[INSTRUCTIONS TO FOLLOW] Beginning with the line that contains "Tân Thủ tướng", retype the entries below exactly, ending with the line that contains "Percentage Calculator截图1". Leave out any pictures.

[EXCERPTED DATA]
────────────────────────────────────────
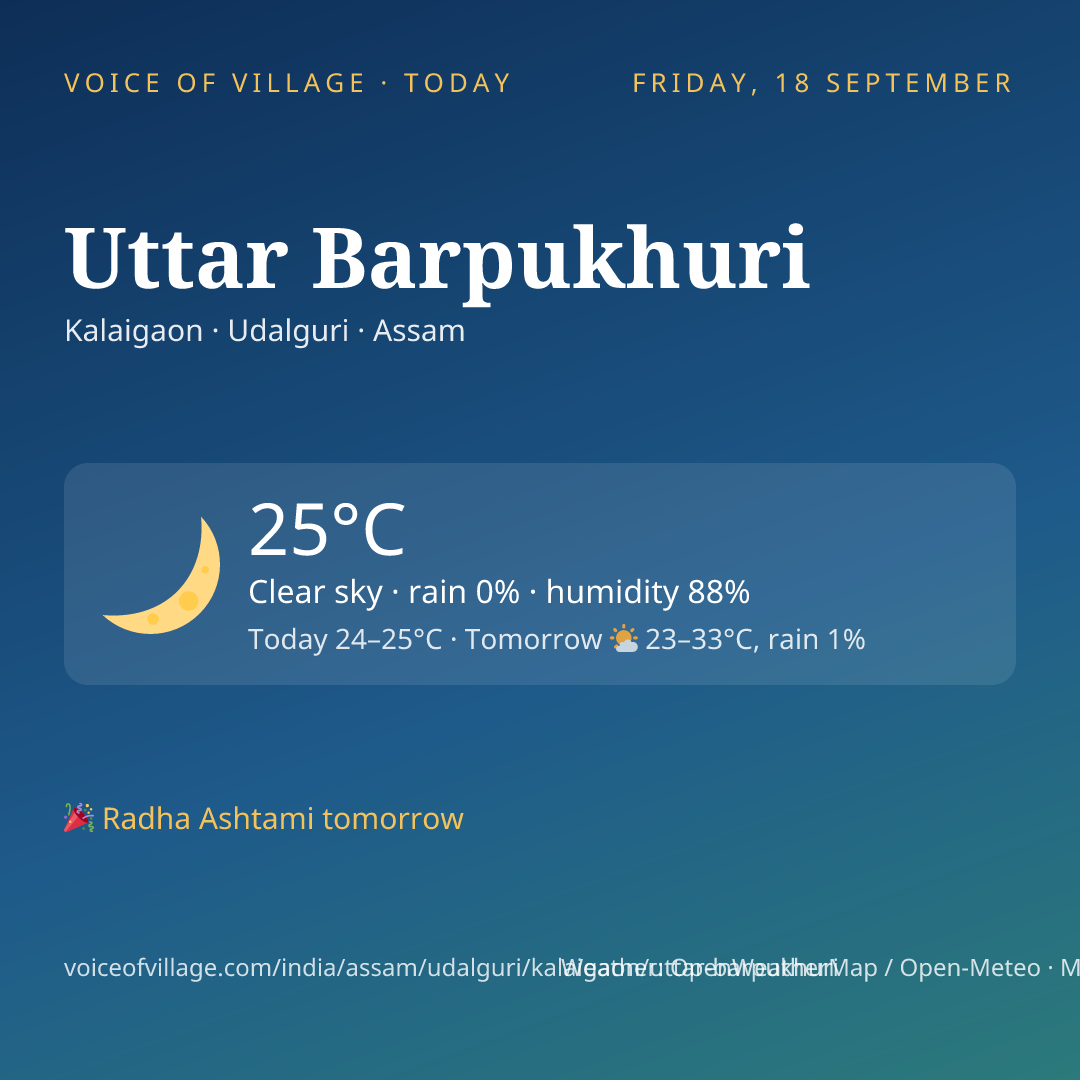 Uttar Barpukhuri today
────────────────────────────────────────
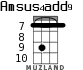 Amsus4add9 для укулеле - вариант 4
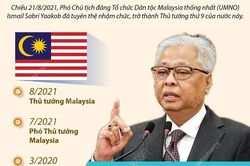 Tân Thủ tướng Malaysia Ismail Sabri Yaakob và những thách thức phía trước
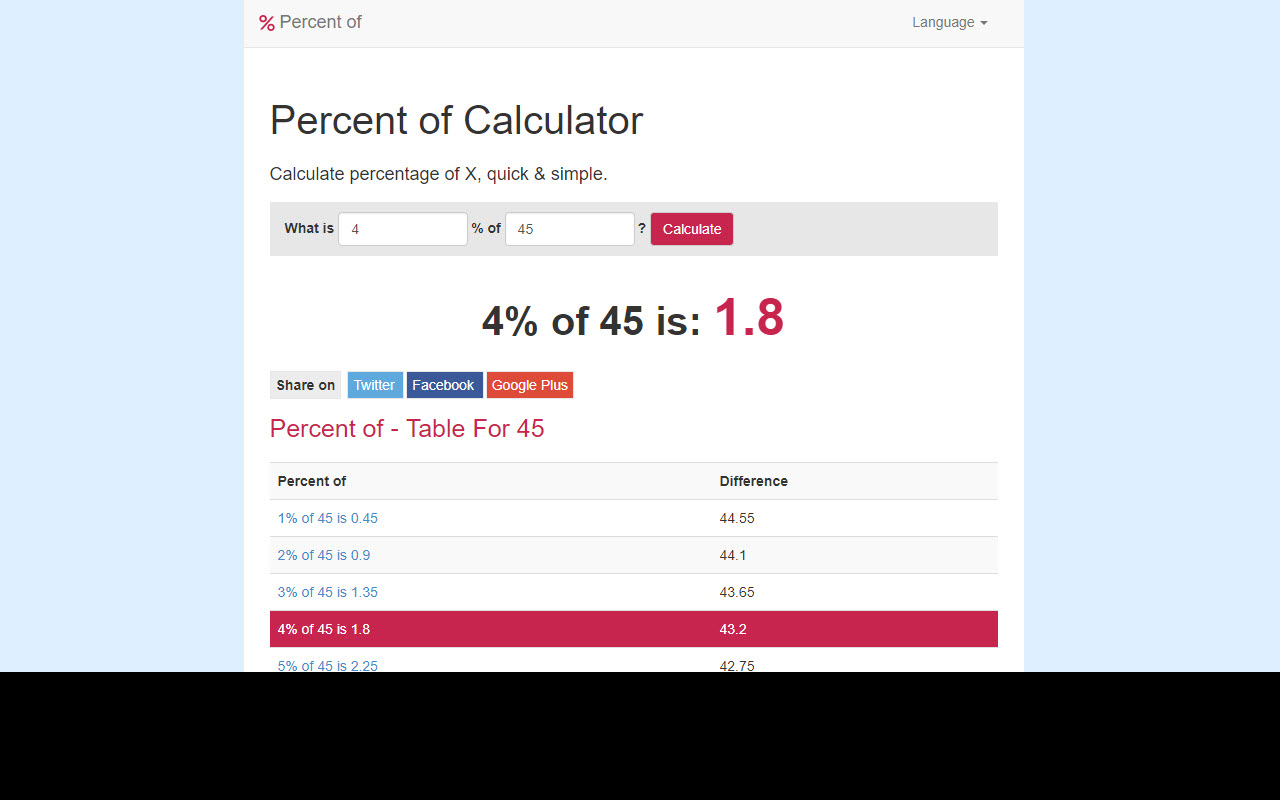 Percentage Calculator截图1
────────────────────────────────────────
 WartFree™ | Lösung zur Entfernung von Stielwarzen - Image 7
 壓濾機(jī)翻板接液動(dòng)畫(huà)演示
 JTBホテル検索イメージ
────────────────────────────────────────
[WRITTEN ANSWER]
 Tân Thủ tướng Malaysia Ismail Sabri Yaakob và những thách thức phía trước
 Percentage Calculator截图1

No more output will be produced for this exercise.